Government Initiatives for enhancing I integrated system of Medicine:

  • Government of India is implementing the Centrally Sponsored Scheme of National AYUSH Mission (NAM) for promotion of AYUSH system.
    • Grant-in-aid is being provided to State Governments for development and promotion of Ayurveda, Yoga & Naturopathy, Unani, Siddha and Homoeopathy.
    • NAM also supports cultivation of medical plants, production of quality and standardized ingredient for supply of Ayush, integration of medicinal plants in farming systems and increasing export of value added items of medicinal plants.
  • WHO – Global Center for Traditional Medicine is the first and only center of its kind in Jamnagar, Gujarat which focuses on innovation and technology to optimize the contribution of traditional medicine to global health and sustainable development.
  • The government has a special Ayush Visa category for foreign nationals, who want to come to India to take advantage of Ayush therapy.
  • A special Ayush mark for Ayush products and network of Ayush parks has been undertaken to encourage the promotion, research and manufacturing of Ayush products in India.
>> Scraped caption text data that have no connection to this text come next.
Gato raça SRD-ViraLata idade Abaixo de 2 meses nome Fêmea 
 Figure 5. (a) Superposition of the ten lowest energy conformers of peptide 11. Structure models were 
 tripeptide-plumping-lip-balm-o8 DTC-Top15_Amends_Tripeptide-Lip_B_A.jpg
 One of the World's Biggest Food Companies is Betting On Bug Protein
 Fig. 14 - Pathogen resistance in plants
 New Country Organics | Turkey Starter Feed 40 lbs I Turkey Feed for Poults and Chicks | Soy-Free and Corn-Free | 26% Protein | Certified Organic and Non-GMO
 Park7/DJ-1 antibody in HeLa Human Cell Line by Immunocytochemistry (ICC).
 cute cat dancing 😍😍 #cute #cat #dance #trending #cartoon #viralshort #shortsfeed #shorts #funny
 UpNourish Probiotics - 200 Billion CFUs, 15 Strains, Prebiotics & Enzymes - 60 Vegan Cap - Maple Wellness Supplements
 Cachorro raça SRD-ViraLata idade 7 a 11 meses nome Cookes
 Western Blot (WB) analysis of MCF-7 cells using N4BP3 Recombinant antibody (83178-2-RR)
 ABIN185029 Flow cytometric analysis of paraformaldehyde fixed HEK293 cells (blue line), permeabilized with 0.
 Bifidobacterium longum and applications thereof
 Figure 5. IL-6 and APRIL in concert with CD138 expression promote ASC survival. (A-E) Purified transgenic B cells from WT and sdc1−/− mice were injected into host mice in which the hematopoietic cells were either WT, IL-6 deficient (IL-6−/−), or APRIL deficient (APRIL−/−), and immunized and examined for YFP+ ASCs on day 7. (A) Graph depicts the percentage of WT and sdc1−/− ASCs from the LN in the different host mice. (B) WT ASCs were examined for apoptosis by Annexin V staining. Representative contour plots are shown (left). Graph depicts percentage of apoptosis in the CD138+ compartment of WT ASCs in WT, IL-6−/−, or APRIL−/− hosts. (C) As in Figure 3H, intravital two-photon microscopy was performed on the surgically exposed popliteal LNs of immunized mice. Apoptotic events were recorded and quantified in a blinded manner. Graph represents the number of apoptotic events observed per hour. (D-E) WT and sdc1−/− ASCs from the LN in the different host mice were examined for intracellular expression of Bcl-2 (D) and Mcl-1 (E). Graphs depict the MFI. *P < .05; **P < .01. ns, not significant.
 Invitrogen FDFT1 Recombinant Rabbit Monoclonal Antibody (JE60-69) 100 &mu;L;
  • A new category named ‘Ayush Aahar’ has been announced which facilitates the producers of Ayurvedic nutritional supplements.
  • With the aim of boosting infrastructure and promoting research in traditional medicine, three National Ayush Institutes have been established:
    • All India Institute of Ayurveda (AIIA), Goa, National Institute of Unani Medicine (NIUM), Ghaziabad and the National Institute of Homoeopathy (NIH) have been set up.
  • The Ministry of Electronics and Information Technology is providing technical support for digitalisation of Ayush Sector under the Ayush Grid project.
  • The Traditional Knowledge Digital Library has been created which contains information about Ayurveda, Unani, Siddha, Sowa Rigpa and Yoga.